Incorrect Cyrillic rendering in Codex Agent on Windows due to PowerShell 5.1 default ANSI encoding

Description:
When using Codex Agent on Windows (VS Code / Cursor / Windsurf), files containing Cyrillic comments are displayed incorrectly (garbled characters). The agent appears to invoke powershell.exe by default, which uses ANSI instead of UTF-8.

Expected behavior:

  • Files with UTF-8 encoding (with or without BOM) should display correctly.

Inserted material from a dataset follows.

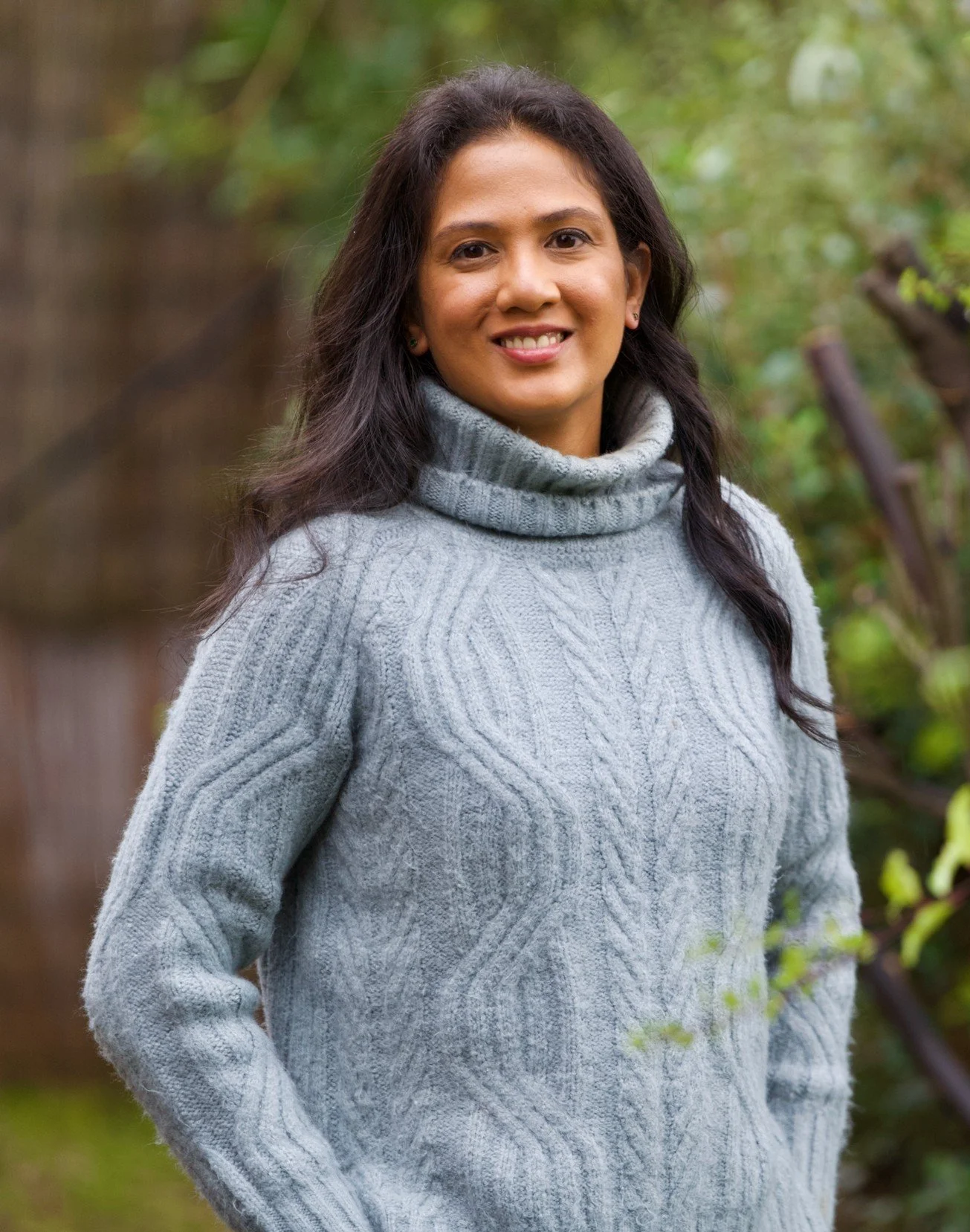 Annabelle Cangy, founder of Get Unstuck Coaching, NLP and Neuro-Semantic coach in Melbourne, standing outdoors with green foliage in the background.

  • Ideally, the agent should:

    • Use PowerShell 7 (pwsh) by default (UTF-8 is the default there), or

    • Explicitly pass -Encoding UTF8 when reading/writing files, or

    • Provide a setting to override the shell used for Agent actions.

Steps to reproduce:

  1. Open a UTF-8 encoded JavaScript/TypeScript file with Cyrillic comments in VS Code on Windows.

  2. Run Codex Agent and ask it to show the first 10 lines.

  3. Cyrillic characters are replaced with question marks / invalid symbols.

Notes:

  • This does not happen in the built-in chat (Cursor/Windsurf) because text is read directly from the editor buffer.

  • Only the Agent (when reading/writing via PowerShell) shows corrupted characters.

  • Using Node.js or pwsh with -Encoding UTF8 works correctly.

Environment:

  • Windows 11 (latest build, exact version unknown but fully up to date)

  • VS Code 1.103.2

  • Codex extension 0.4.0

  • Node.js 22.17

  • PowerShell 7.5.2 installed, but Agent still defaults to legacy Windows PowerShell 5.1

  • Hardware: standard desktop PC

1 Like

Same problem, all my files get destroyed with incorrect encoding usage of codex for local edit on Windows

1 Like

Same problem here. It seems that it happens not right off the bat, but after a while.

1 Like

I ran into the same issue (Polish characters getting replaced with ?). The root cause is the same: Codex Agent on Windows uses PowerShell 5.1 (ANSI console encoding), so non‑ASCII characters get corrupted before they reach Python or get written back to files.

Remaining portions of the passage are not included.